[Stored data]
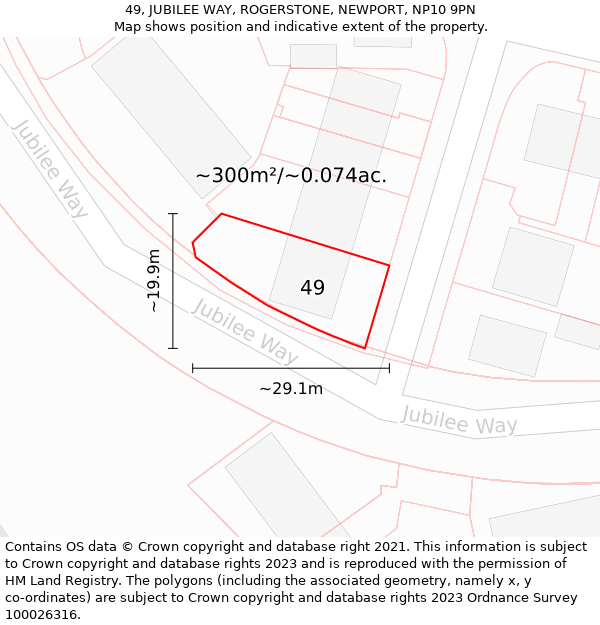 49, JUBILEE WAY, ROGERSTONE, NEWPORT, NP10 9PN: Plot and title map
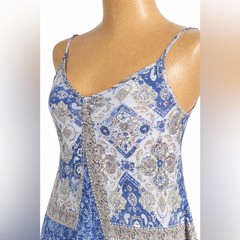 Organic Viscose Boho Patchwork Dress L/XL Flowy High Low Hem Adjustable Straps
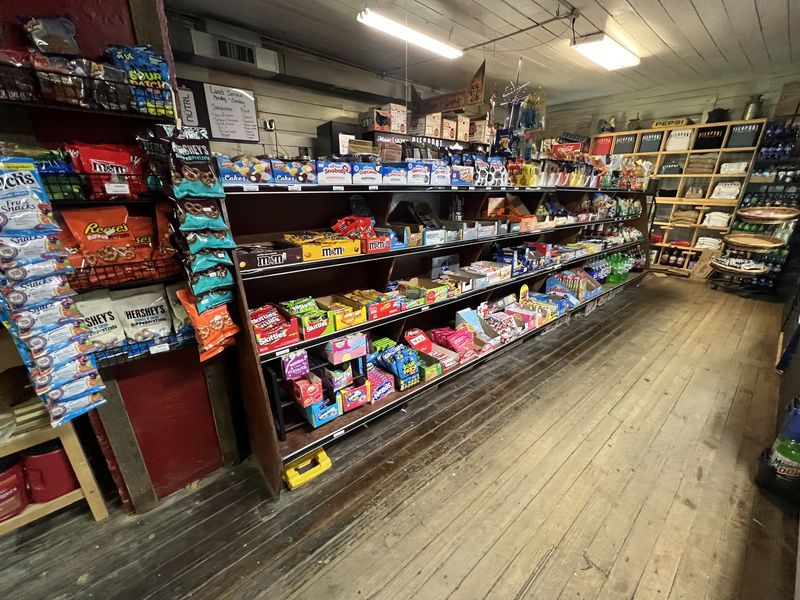 Candy and snack shelves inside Pierpont General Store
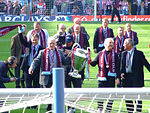 82 winning squad at Villa part during the 25 year celebrations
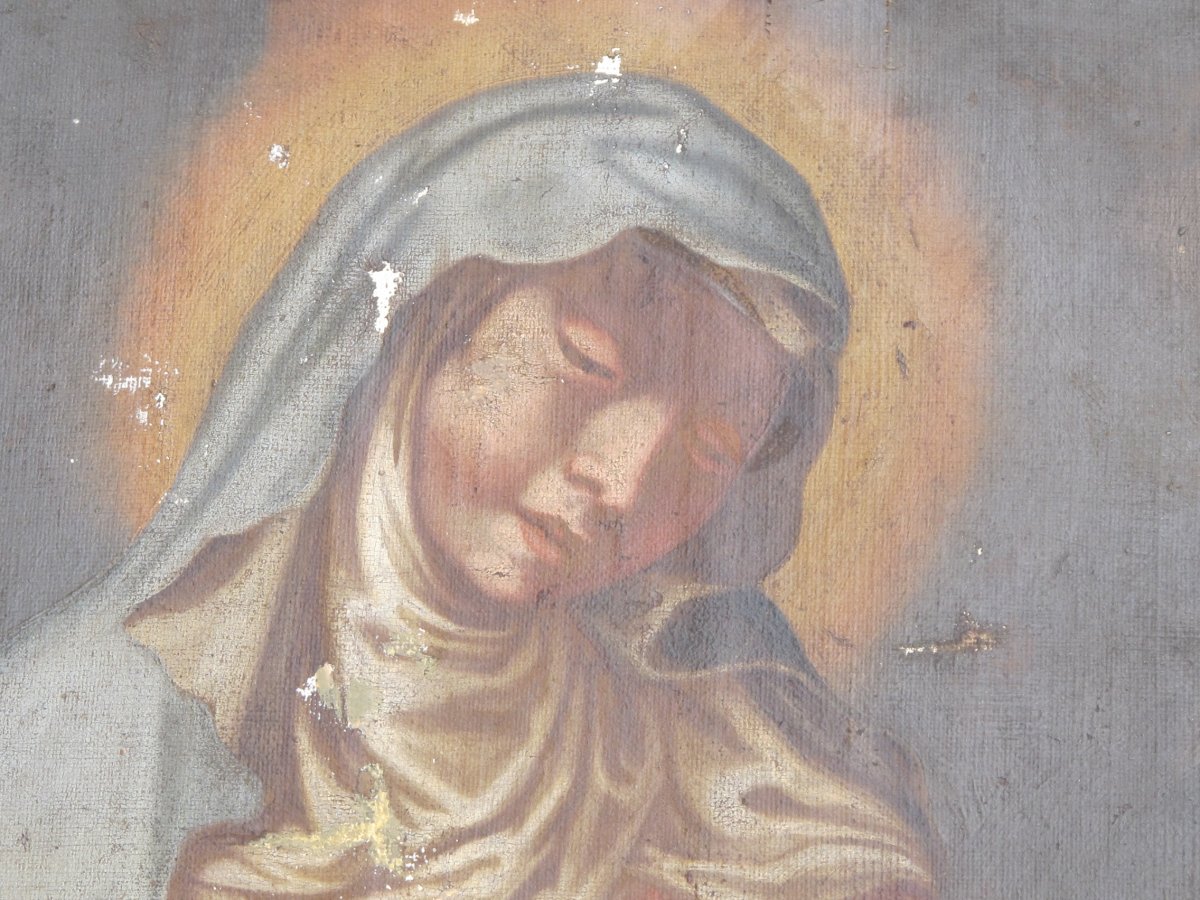 Oil On Canvas Double Face Pieta And The Other Face Saint Gérard And Saint Georges-photo-2
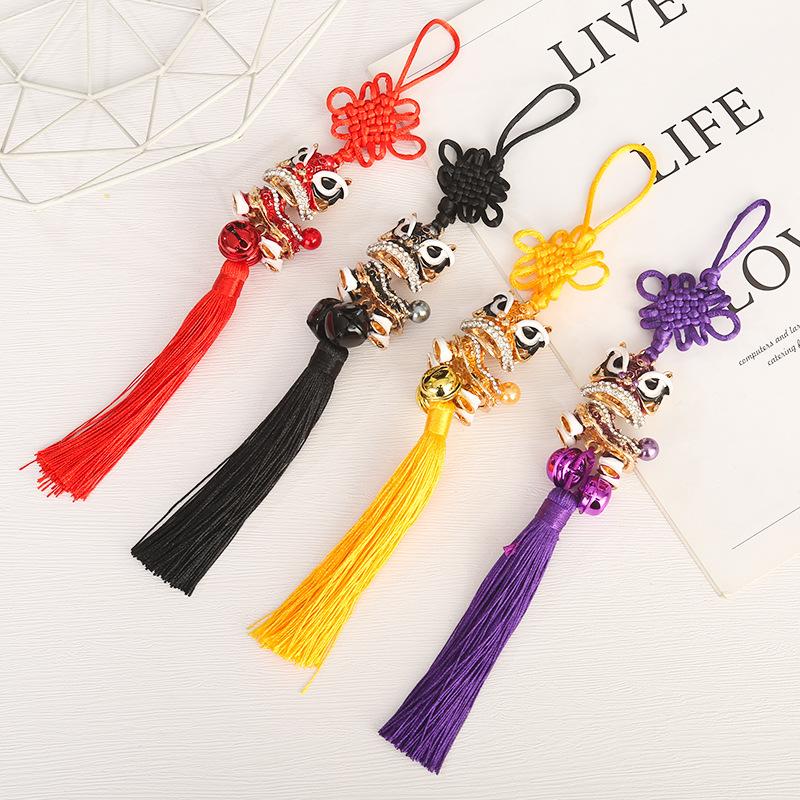 Chinese Style Little Lion Car Pendant Mascot Lion Dance Car Rearview Mirror Tassel Hanging Decoration Cute Car Accessories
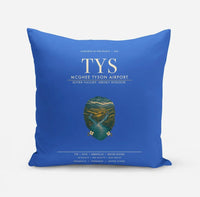 Thumbnail for McGhee Tyson Airport Knoxville (TYS) design on blue pillow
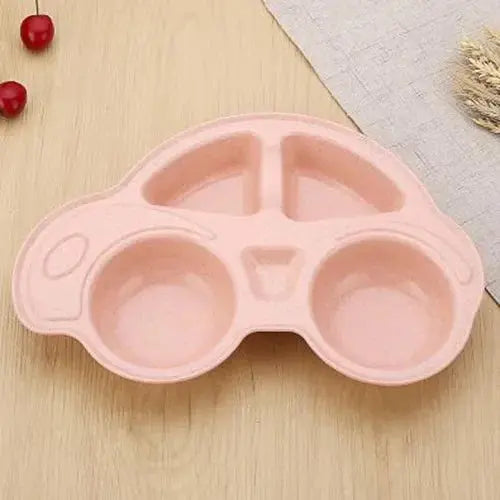 Cute Car Shaped Wheat Straw Tableware for Baby Kids Dishes Children Plates Hommart
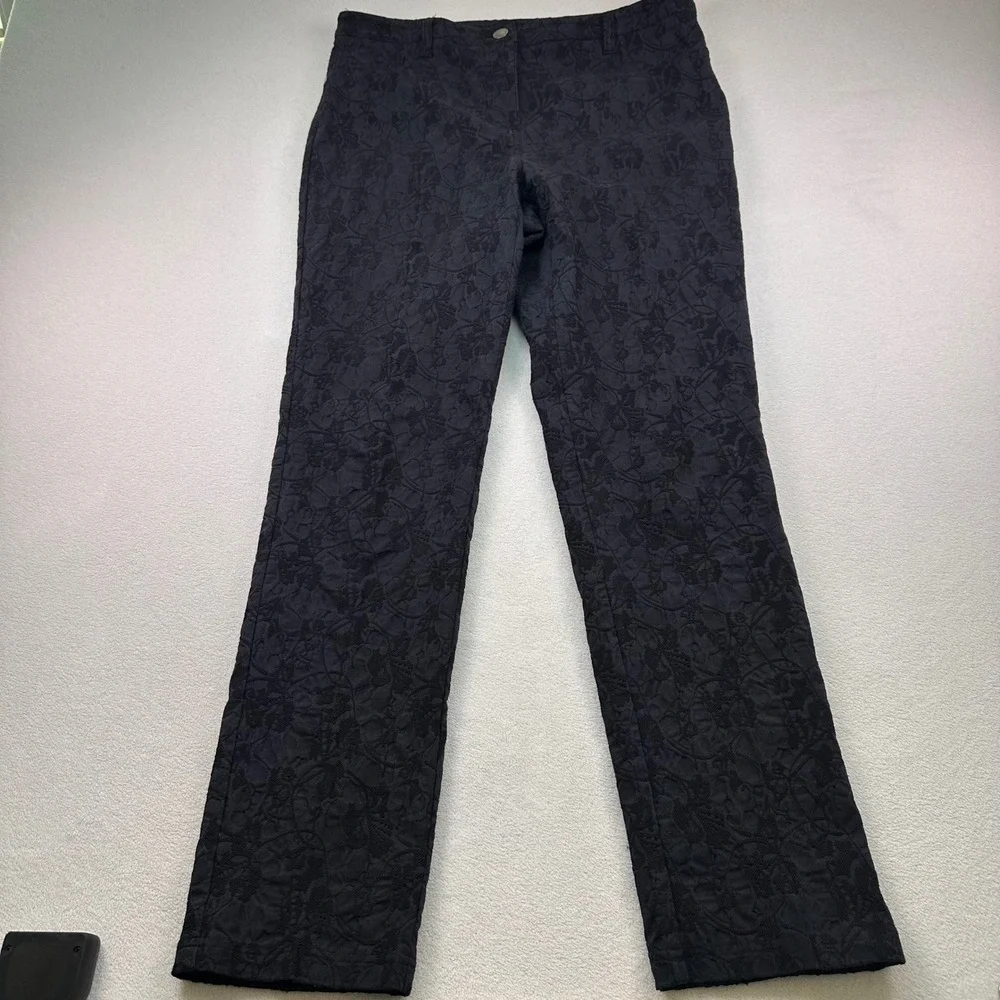 Style & Co Black Floral Jacquard Straight Leg Pants Size 8 Stretch Whimsigoth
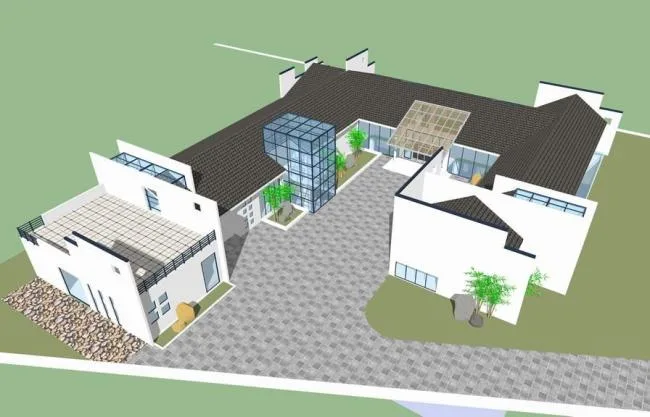 Sketchup Business Model | Multi story Clubhouse, Inn, Homestay, Chinese Style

REQUIRED ACTION - Please repeat the entries above exactly, leaving out any pictures.

EXERCISE ANSWER -
 49, JUBILEE WAY, ROGERSTONE, NEWPORT, NP10 9PN: Plot and title map
 Organic Viscose Boho Patchwork Dress L/XL Flowy High Low Hem Adjustable Straps
 Candy and snack shelves inside Pierpont General Store
 82 winning squad at Villa part during the 25 year celebrations
 Oil On Canvas Double Face Pieta And The Other Face Saint Gérard And Saint Georges-photo-2
 Chinese Style Little Lion Car Pendant Mascot Lion Dance Car Rearview Mirror Tassel Hanging Decoration Cute Car Accessories
 Thumbnail for McGhee Tyson Airport Knoxville (TYS) design on blue pillow
 Cute Car Shaped Wheat Straw Tableware for Baby Kids Dishes Children Plates Hommart
 Style & Co Black Floral Jacquard Straight Leg Pants Size 8 Stretch Whimsigoth
 Sketchup Business Model | Multi story Clubhouse, Inn, Homestay, Chinese Style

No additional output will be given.